Minorías arribistas: de Keynes a Forbes

Por: Héctor A. Martínez (Sociólogo)

Normalmente se ha creído que los partidos políticos alrededor del mundo nutren sus filas con miembros salidos de la clase media. Sin embargo, la cuestión va más allá de la procedencia de clase social, pues el hecho de encerrar a las personas en cajas taxonómicas según su ingreso no resulta suficiente para explicar el fenómeno de la degradación en la que han caído, no solo los partidos de corte conservador y liberal, sino también los que se nombran a sí mismos como portadores de una nueva moral política.

Por otro lado, ¿es esta degradación el producto de una descomposición moral de los individuos que entran al ruedo político, o se pervierten una vez que entran a formar parte de la plantilla del partido? ¿Qué es lo que obliga a un individuo a torcer sus ideales y a convertirse en una caja de resonancia de un discurso vacuo y sin sentido, deformando aquellos principios de solidaridad y de compromiso social por los cuales juró un día luchar hasta la muerte?

Si examináramos de cerca las motivaciones que alientan a ciertas personas a militar en un partido, podríamos encontrar dos tipos de políticos. En principio, están aquellos que pretenden encontrar espacios para que sus ideales de justicia puedan hacerse realidad. Este sentimiento de rebeldía juvenil desaparece con la madurez, pero reaparece en los discursos de campaña, y en la verbosidad de los funcionarios del Estado. En otro lado encontramos a los que buscan huir del barrio marginal para poner fin a esas estrecheces materiales que le provocaron una serie de traumas a su personalidad, y que solo un remanso ideológico -en este caso el partido- puede calmar. Pasar de pedir crédito en una pulpería, a movilizarse en coches de lujo con guardaespaldas cambia radicalmente la visión filantrópica, pero reactiva el espíritu “entrepreneurship”, que tanto resalta la revista Forbes. Ese salto cualitativo confirma, desde luego, el credo progresista de una vida mejor: el derecho de todos a progresar. Y progresismo no es sinónimo de “ser de izquierdas”: todos tratan de alcanzar el último nivel de la pirámide de las necesidades, es decir, la añorada autorrealización de la que hablaba Maslow.

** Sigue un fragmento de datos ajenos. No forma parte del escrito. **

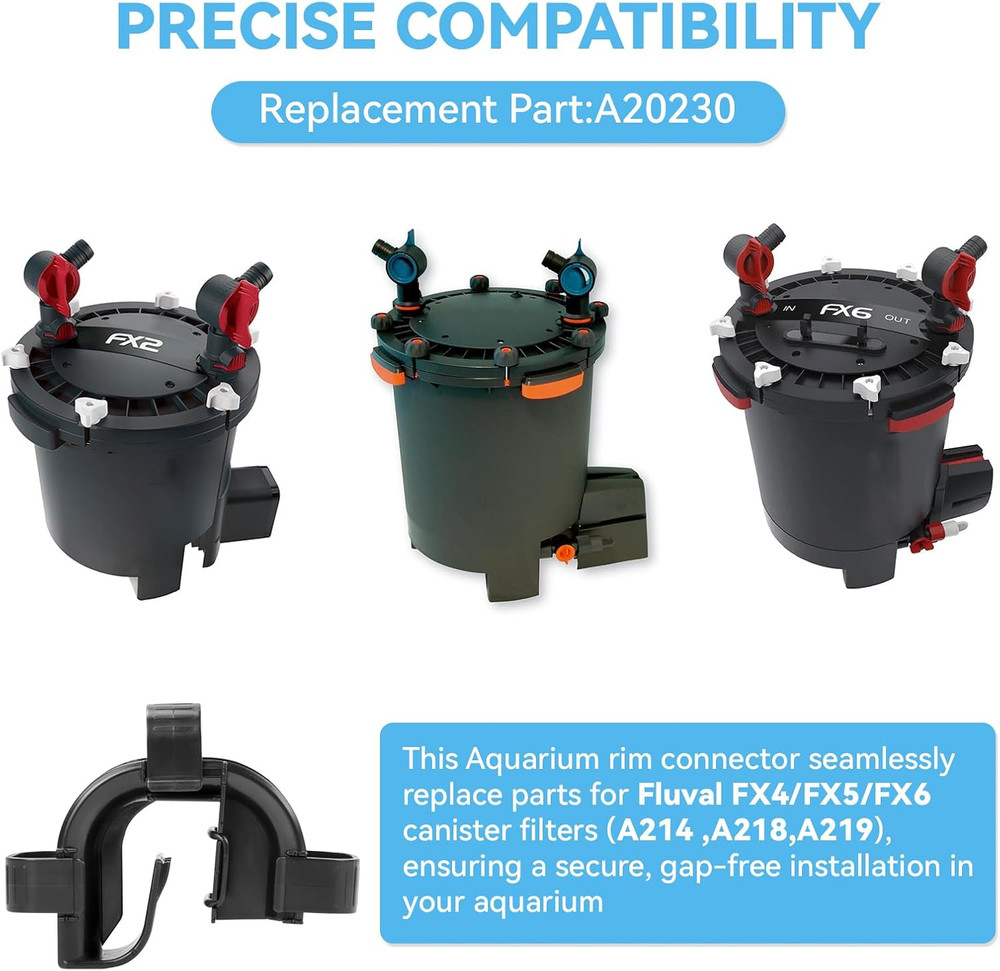 2 Pack Rim Connector Replacement for Fluval Fx4/Fx5/Fx6 Parts, High Performance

A partir de esas ambiciones personales -honorable la primera, deleznable la segunda-, uno puede entender el estado calamitoso de la política, la descomposición doctrinaria, y las grietas morales que están pulverizando el sistema social en casi todos los países de América Latina. Pero ese antecedente es apenas una visión parcial. Cuando los políticos vieron que hacer negocios a costa del Estado resultaba bastante lucrativo, tanto en términos de ingresos personales, cuanto más, de prestigio profesional, comenzaron a desmontar la estructura política, social y económica del sistema -basada en el Estado de Bienestar keynesiano-, sustituyéndola por una maquinaria de favores exclusivamente destinada a una minoría de arribistas en la que se incluye también, a líderes gremiales y comunitarios, “haters”, activistas pega-afiches, y muchos etcéteras más.

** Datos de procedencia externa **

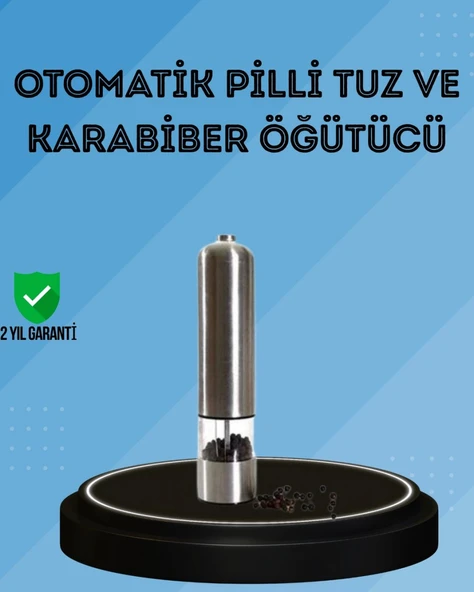 Pilli Baharat Değirmeni Karabiber Tuz Ve Baharat Öğütücü ürün görseli 1
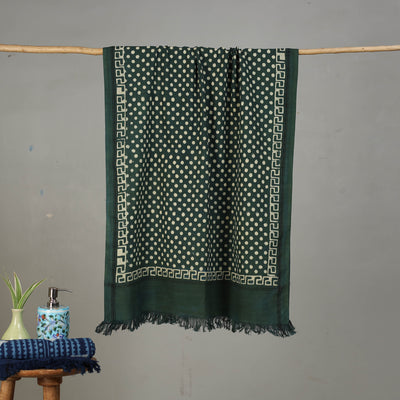 Pipad Hand Block Print Natural Dyed Pure Handloom Cotton Towel 16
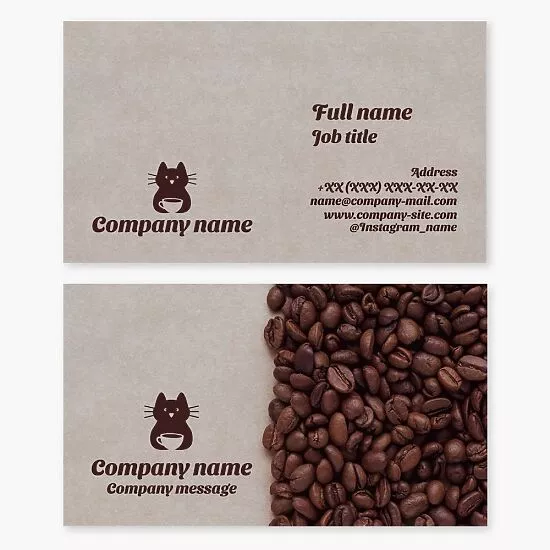 Cafe Coffee Shop Business Card Template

Los “output” de ese sistema ya no son las demandas de los sectores sociales, sino las necesidades del grupo en el poder, muy a pesar de Keynes y de Marx. Y esto es así, porque la escasez de los recursos impide cada vez más que la teoría se conjugue con la praxis. Chávez y Maduro pretendieron repartir equitativamente los dividendos del petróleo entre el poder “popular”, pero pronto se dieron cuenta que eso era empresa imposible, y se concentraron en el verdadero poder, el del grupo. Otros prefirieron hacer negocios con constructoras globales; el crimen organizado, y así, sucesivamente.

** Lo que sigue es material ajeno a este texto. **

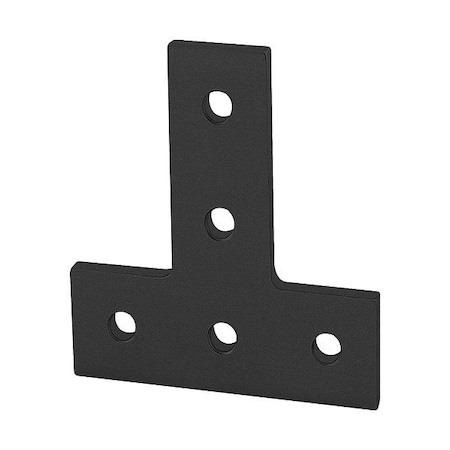 80/20 T-SlotFrmingConnector, Alum, Blk, 90mm, 4mm 30-4480-BLACK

¿Hay alguna esperanza de cambiar esta infamia de la política latinoamericana, y colocar a los mejores, tal como pretendía Platón? ¡Quién sabe! Ojalá que la famosa dialéctica haga su trabajo ineludible: el que un día lleguen hombres y mujeres de abolengo moral, que no se preocupen tanto por aparecer -junto a Carlos Slim- entre los 500 de Forbes, y se concentren en las verdaderas demandas populares.